NEW YORK — Consulting firm Deloitte said it expects “small gains” in 2011 holiday-season sales as retailers face tough comparisons with a year ago and a frugal consumer under ongoing economic pressure.
“As many holiday shoppers will be researching online and on their smartphones both before and during their trips to the store, retailers need to be sure their digital strategy is both flexible and focuses on a personalized experience this season.”
The company said it projects sales increases of 2.5% to 3% for the months of November through January at retail stores, excluding auto sales and gasoline.
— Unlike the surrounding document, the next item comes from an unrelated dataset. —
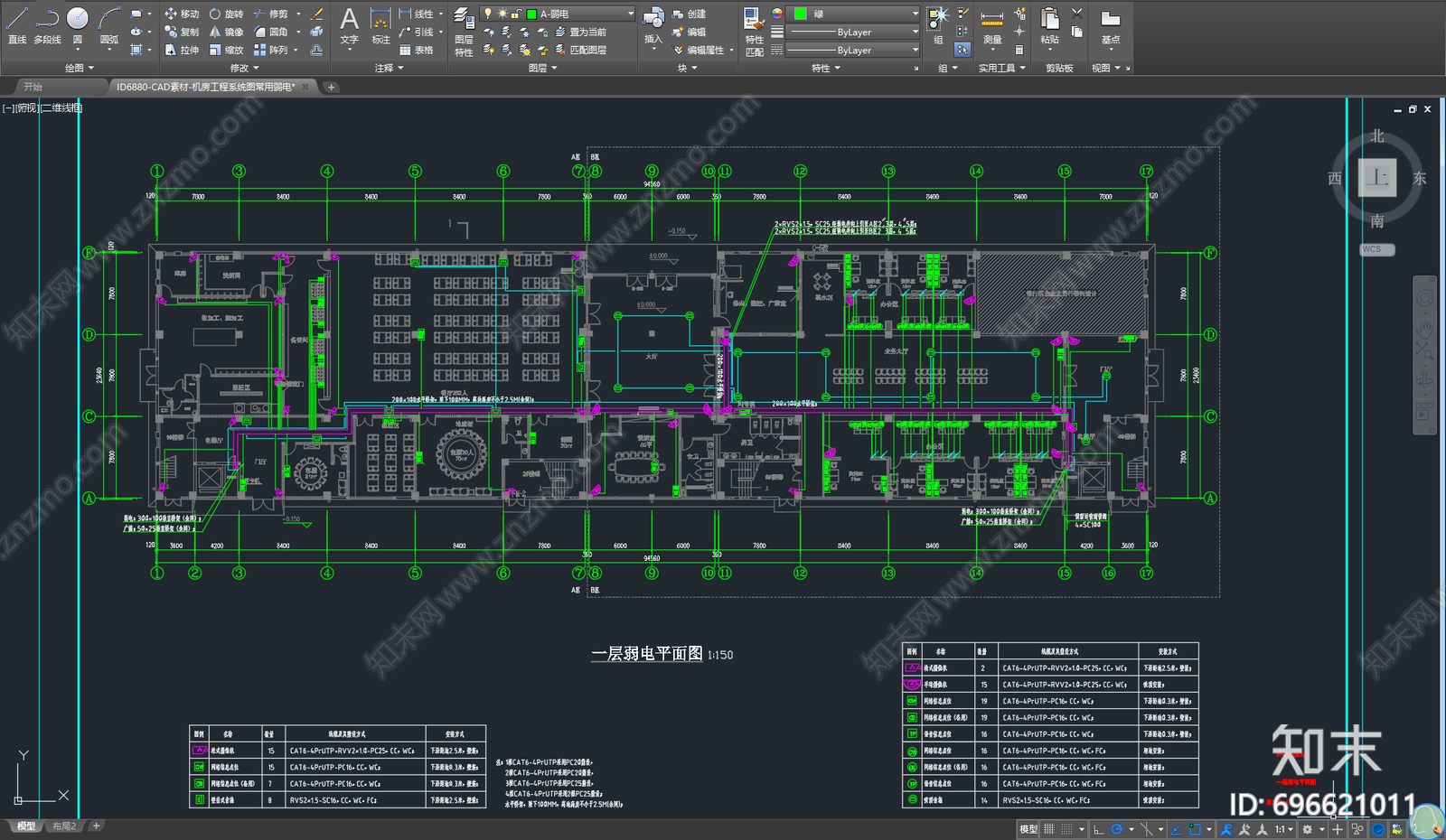 机房工程系统图常用弱电cad施工图下载【ID:696621011】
That compares with growth of 5.9% during that period a year ago.
Total retail sales for the three-month span of November through January are expected to total between $873 billion and $877 billion, vs. $852 billion in that period a year ago, Deloitte said, citing data from the U.S. Department of Commerce.
“Consumer spending was on the rise for several months despite dampened confidence in the economy among U.S. households,” said Carl Steidtman, chief economist at Deloitte. “Those earlier gains have begun to flatten and may be tempered by persistent weakness in the housing and employment sectors and pressures from the European debt crisis.
“Despite some relief in energy prices, consumers may feel the strain from food, apparel and other categories where prices are markedly higher compared to the previous holiday season,” he added.
In addition, Deloitte has projected a 14% increase in non-store sales this holiday season, with nearly three fourths of that coming from the online channel and the rest from catalogs and interactive TV.
“Double-digit growth in the non-store channel has given the industry a major boost, and retailers that put online channels to work for their physical storefronts have the advantage,” said Alison Paul, vice chairman, Deloitte, and leader of the firm's U.S. retail and distribution practice.